The most common questions we get about this calculator — each answer is kept under 60 words so you can scan.

  • What is an annuity (the math) vs an annuity (the insurance product)?
    The MATH of an annuity is just a series of equal periodic payments — present value, future value, and payment solving are pure actuarial calculations. The PRODUCT 'annuity' is a financial instrument (typically sold by insurance companies) that promises a stream of payments in exchange for a lump sum or premium series. The math is universal; the product wraps it in fees, surrender charges, and guarantees. This calculator does the math without the product overhead.
  • What's the formula for future value of an annuity?
    FV = PMT × [(1+r)^n − 1] / r — where PMT is the periodic payment, r is the periodic rate, and n is number of periods. This assumes payments at the END of each period (ordinary annuity). For payments at the start of each period (annuity due), multiply by (1+r). The calculator uses ordinary-annuity convention as the standard.
  • What's the formula for present value of an annuity?

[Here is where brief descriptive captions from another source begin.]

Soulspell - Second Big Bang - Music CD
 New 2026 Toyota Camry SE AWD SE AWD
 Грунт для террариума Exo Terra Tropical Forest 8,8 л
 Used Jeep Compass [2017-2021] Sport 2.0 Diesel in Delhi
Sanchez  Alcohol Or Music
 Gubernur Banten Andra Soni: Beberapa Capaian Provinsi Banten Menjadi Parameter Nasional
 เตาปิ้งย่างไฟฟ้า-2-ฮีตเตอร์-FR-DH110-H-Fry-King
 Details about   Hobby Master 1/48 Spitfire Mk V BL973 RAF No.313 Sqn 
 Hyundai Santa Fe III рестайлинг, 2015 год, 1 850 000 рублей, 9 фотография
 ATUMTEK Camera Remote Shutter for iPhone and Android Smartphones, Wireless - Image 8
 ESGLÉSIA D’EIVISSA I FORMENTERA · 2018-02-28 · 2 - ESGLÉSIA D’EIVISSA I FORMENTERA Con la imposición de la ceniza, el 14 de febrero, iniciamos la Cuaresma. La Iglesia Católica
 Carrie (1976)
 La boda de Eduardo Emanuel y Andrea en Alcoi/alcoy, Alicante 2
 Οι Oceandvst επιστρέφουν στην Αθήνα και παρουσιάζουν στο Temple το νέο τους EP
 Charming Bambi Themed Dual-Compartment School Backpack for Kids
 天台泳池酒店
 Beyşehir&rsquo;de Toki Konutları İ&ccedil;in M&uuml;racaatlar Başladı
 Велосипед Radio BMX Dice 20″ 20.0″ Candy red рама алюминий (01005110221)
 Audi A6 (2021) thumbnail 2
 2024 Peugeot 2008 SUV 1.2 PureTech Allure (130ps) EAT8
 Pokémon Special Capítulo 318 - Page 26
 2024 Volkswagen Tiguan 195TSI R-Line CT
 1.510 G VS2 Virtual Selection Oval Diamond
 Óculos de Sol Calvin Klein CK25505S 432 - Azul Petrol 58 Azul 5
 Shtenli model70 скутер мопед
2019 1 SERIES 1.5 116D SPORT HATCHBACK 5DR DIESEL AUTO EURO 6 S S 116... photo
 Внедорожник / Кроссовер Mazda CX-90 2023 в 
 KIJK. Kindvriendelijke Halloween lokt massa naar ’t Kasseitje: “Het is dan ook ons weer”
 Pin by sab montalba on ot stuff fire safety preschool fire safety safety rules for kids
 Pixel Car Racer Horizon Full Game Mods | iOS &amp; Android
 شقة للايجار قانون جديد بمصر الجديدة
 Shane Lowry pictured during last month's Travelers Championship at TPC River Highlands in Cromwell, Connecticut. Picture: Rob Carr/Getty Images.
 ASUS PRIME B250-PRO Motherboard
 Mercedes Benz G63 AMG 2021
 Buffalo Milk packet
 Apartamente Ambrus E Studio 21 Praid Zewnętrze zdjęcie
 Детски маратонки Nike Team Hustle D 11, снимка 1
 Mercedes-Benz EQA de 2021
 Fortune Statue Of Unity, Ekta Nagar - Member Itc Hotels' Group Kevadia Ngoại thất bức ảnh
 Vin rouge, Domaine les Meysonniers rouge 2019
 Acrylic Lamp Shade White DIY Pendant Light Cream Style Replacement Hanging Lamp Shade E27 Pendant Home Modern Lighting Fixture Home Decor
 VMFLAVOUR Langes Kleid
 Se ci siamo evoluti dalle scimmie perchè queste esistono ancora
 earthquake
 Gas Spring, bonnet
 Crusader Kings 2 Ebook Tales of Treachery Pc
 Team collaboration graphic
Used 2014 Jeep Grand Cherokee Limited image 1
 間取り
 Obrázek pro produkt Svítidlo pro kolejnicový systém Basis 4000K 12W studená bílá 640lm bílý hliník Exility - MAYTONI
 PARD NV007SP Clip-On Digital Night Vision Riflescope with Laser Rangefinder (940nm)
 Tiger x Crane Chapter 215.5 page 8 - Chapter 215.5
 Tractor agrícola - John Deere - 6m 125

    PV = PMT × [1 − (1+r)^−n] / r — the discounted value of a future payment stream at today's value. PV grows with PMT and n, shrinks with r. At r=0, PV = PMT × n (simple sum). High discount rates aggressively reduce PV (the further-out payments contribute less today).
  • How do I use the 'PMT from a pool' mode?
    It answers 'I have $X today; how much can I withdraw per year for N years at rate r before depleting?' Formula: PMT = PV × r / [1 − (1+r)^−n]. At $1M / 30 years / 4%, that's about $58K/year. At 5% it's $65K. The mode treats the pool like an immediate-pay annuity — the standard retirement-withdrawal math.
  • What's a realistic rate of return to use?
    Conservative: 3–4% (inflation-protected bonds, money market). Balanced: 5–6% (60/40 portfolio long-run real return). Aggressive: 7–8% (mostly stocks). Don't use stock-market nominal returns (~10%) without subtracting inflation — for retirement planning, use REAL (inflation-adjusted) returns of 4–6%. Higher rates produce optimistic results that disappoint in actual experience.
  • Are annuity payments taxable?
    Yes, but depending on type. Qualified annuities (in IRA/401k): fully taxable as ordinary income at withdrawal. Non-qualified annuities (purchased with after-tax dollars): only the gains portion is taxable; the original investment (basis) is returned tax-free over time per IRS exclusion ratio. Pensions are typically fully taxable. The math here is pre-tax; multiply by (1 − marginal rate) for after-tax dollars.
  • What's the difference between fixed and variable annuities (the product)?
    Fixed: insurance company guarantees a specific rate (typically 3–5% in 2026). Variable: returns depend on underlying investment sub-accounts (mutual-fund-like). Indexed: returns linked to an index (S&P 500) with caps and floors. Fixed has lowest variability; variable has highest risk + reward; indexed is the middle. The math calculator here is rate-agnostic — plug in whatever realistic return you want.
  • When are annuity products worth buying?
    Limited cases. (1) Longevity insurance: deferred-income annuity bought at 65 paying starting at 80 — protects against outliving savings. (2) Pension-replacement: lifetime income for people without traditional pensions. (3) High-net-worth tax-deferral above 401k/IRA caps. AVOID: high-commission variable + indexed annuities sold by salespeople. They typically charge 2–3.5% annual fees that destroy the math. Direct-purchased income annuities from low-cost providers (Vanguard, Fidelity) have lower fees.
  • What's the difference between annuity due and ordinary annuity?
    Ordinary annuity: payments at the END of each period (most common). Annuity due: payments at the BEGINNING. The math is identical except annuity-due values are (1+r) times ordinary-annuity values. The calculator assumes ordinary. For monthly rent or annual property tax (paid in advance), use annuity-due; for typical bond coupons or retirement-account withdrawals, ordinary is correct.
  • How does inflation affect annuity math?
    Critical. A $50K/year annuity payment for 30 years sounds great today but loses ~50% of purchasing power at 3% inflation. To preserve purchasing power, either: (1) buy an inflation-adjusted annuity (TIPS-based or CPI-linked — pays more upfront with a smaller initial payment but adjusts), or (2) use REAL (inflation-adjusted) return rates in the calculator (subtract expected inflation from nominal rate). Fixed nominal annuities erode dramatically over long periods.
  • What's the 4% rule and how does it relate to annuity math?
    The Trinity Study '4% rule' says retirees withdrawing 4% of initial portfolio (inflation-adjusted) annually have ~95% chance of not depleting over 30 years (in historical US data). At $1M, that's $40K/year. Annuity math says PMT from a $1M pool at 4% real return over 30 years is ~$57K/year — but that assumes you DEPLETE the principal. The 4% rule preserves principal probabilistically; annuity math gives you the higher 'spend it all' number.
  • Can I use this calculator for monthly annuities?
    Yes, with conversion. The calculator uses annual conventions, so for monthly math: enter annual rate ÷ 12 as 'rate', enter months as 'periods', and your monthly payment as 'payment'. The result is your monthly FV or PV. Just keep the units consistent within a calculation.